Argument passing in full call is conceptually similar to local call, but the caller can't allocate the entire frame for the callee, since it doesn't know how much stack is needed. Instead we allocate the frame in two parts. The caller only allocates the beginning of the frame, which contains the stack arguments in fixed locations. We leave the first <n> locations unused so that the called function can move register more args onto the stack without having to BLT down any stack arguments.
The place in the code where a full call jumps in is called an external entry point. The external entry point allocates the rest of the stack frame and then does a local call to the actual entry-point function, fetching the arguments from the standard passing locations. Usually we can do a tail-recursive local call.
There are two main cases where the call from the external entry point cannot be tail-recursive: – It is desirable to use the known-values convention for calling the entry-point function if the entry-point is used in other local calls (perhaps because of recursion). In this case, the called function stores the return values back into the frame allocated by the external entry point and then returns back to it. The external entry point must then return these values using the standard unknown-values convention. – In a more-arg entry point we don't know how many stack arguments there are at the beginning of the frame, so we can't really use the frame allocated by the external entry point at all. Instead we do a local call to the more-arg entry point, passing in a pointer to the first extra value. When the function returns, we deallocate the crap on the stack and then return the values. It is still o.k. to use the known-values return convention from the more-arg entry since the extra arg values are no longer needed by the time the returning function stores the return values back into the external entry point frame.
In full call we must always use the unknown-values convention for return. The first <n> values are passed in the standard argument registers. The Old-Cont register holds the Start of the values block and SP points to the End.
small, fast call (function arg0 ... arg<n>) "nargs" => value small, fast call-named (arg0 ... arg<n>) "nargs" "name" => value Call-Closure calls Function with the specified register arguments, returning the first value as the result. "nargs" is the total number of arguments passed. Only the register arguments actually passed should be specified as operands.
Call-Named is similar, but calls a global function specified at compile time by "name".
small, fast tail-call (function pc arg0 ... arg<n>) "nargs" small, fast tail-call-named (pc arg0 ... arg<n>) "nargs" "name" Similar to the standard call VOPs, but passes PC as the return PC, rather than returning to the call site. These VOPs have no results since they don't return.
small, fast multiple-call (function arg0 ... arg<n>) "nargs" => start end val0 ... val<n> small, fast multiple-call-named (arg0 ... arg<n>) "nargs" "name" => start end val0 ... val<n> These VOPs are similar to the standard call VOPs, but allow any number of values to be received by returning all the value passing registers as results. A specific number of values may be received by using Default-Values.
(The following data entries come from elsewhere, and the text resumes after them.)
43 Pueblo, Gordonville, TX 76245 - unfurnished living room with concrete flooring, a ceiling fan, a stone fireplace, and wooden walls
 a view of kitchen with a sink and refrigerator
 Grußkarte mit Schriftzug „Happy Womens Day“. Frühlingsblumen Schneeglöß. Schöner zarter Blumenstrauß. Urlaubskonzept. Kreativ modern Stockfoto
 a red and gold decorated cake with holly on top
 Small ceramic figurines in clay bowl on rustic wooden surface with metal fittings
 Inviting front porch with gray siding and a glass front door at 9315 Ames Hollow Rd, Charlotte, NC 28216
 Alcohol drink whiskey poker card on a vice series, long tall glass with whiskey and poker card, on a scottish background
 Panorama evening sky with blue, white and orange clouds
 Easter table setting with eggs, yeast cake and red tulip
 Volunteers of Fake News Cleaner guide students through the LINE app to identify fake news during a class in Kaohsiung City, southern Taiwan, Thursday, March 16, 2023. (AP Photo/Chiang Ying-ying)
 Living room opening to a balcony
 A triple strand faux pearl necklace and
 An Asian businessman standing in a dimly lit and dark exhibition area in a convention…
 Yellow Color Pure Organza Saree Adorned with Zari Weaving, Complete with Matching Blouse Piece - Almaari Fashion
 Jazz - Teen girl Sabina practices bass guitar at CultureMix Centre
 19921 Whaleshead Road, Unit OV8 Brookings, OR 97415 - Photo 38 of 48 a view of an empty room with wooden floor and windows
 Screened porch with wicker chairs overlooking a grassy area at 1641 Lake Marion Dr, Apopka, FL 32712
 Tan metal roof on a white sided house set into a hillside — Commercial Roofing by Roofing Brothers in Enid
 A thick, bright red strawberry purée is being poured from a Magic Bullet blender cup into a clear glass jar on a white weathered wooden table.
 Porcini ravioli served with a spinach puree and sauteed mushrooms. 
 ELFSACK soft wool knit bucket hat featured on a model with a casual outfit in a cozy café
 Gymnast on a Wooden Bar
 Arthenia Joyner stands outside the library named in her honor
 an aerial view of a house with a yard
call-unknown (function count arg0 ... arg<n>) => start end val0 ... val<n> tail-call-unknown (function pc count arg0 ... arg<n>) Call a function with an unknown number of arguments. Used for apply and hairy multiple-value-call.
Function-Entry () "function" => env return-pc old-cont arg* This marks the place where we jump into a component for an external entry point. It represents whatever magic is necessary to do argument count checking and dispatching. The external entry points for each argument count will be successors of the entry-vector block (might be in the same block if only one?)
Function-Entry also represents argument passing by specifying the actual external passing locations as results, thus marking the beginning of their lifetimes. All passing locations actually used by any entry point are specified as Args, including stack arguments. ### Do we really need this? If we do, then we probably also need similar entry markers for local functions. The lifetimes don't really need to be explicitly bounded, since an entry point is effectively "the end of the world."